What you need to do:
When a line in the records contains the string "with", copy that line.

Task input:
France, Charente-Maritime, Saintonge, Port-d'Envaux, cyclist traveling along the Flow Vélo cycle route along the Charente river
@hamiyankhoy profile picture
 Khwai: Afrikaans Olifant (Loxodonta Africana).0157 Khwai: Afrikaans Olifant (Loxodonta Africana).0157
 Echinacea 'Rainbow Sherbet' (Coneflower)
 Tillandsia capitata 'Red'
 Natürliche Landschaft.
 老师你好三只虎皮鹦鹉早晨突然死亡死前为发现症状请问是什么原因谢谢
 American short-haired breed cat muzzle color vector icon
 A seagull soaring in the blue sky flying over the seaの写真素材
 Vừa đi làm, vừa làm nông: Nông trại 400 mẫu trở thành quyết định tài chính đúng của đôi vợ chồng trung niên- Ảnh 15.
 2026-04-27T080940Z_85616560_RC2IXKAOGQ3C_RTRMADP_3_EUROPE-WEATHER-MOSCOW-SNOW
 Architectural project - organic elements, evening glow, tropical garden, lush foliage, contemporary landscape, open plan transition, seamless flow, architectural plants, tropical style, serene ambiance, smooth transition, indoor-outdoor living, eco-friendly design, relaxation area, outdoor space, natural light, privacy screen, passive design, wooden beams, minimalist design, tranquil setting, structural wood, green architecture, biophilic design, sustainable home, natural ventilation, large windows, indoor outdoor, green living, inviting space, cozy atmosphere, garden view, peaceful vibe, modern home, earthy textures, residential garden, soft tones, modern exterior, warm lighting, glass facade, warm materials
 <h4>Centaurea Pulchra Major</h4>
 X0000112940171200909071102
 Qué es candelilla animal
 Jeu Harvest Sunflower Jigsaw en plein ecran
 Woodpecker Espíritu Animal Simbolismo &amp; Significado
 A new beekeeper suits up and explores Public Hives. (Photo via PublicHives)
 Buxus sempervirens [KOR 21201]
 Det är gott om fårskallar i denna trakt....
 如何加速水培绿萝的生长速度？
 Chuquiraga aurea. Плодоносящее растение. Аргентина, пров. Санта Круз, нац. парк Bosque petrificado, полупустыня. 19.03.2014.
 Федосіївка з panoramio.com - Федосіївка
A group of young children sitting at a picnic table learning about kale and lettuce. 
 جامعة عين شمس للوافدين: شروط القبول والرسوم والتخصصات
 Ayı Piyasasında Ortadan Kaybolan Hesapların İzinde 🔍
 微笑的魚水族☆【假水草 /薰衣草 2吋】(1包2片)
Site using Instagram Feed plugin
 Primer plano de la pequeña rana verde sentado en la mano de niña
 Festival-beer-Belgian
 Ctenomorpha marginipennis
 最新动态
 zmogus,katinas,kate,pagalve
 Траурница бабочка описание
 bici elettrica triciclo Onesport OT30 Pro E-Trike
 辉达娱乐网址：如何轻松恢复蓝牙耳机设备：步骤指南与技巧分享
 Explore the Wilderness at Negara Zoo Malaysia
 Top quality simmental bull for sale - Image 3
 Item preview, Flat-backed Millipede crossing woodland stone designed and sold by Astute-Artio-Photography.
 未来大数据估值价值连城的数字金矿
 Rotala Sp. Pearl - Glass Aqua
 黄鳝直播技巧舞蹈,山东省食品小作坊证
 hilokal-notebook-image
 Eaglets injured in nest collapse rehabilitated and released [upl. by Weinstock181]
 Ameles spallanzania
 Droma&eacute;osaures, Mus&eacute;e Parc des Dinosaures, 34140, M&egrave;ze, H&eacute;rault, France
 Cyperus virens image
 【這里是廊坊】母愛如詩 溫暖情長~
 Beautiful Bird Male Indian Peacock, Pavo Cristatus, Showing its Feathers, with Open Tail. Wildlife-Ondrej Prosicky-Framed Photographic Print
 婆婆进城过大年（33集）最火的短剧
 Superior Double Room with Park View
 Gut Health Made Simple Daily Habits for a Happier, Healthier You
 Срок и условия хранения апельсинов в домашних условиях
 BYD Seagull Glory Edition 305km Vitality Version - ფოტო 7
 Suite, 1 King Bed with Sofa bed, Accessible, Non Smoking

Response below:
 Beautiful Bird Male Indian Peacock, Pavo Cristatus, Showing its Feathers, with Open Tail. Wildlife-Ondrej Prosicky-Framed Photographic Print
 Superior Double Room with Park View
 Suite, 1 King Bed with Sofa bed, Accessible, Non Smoking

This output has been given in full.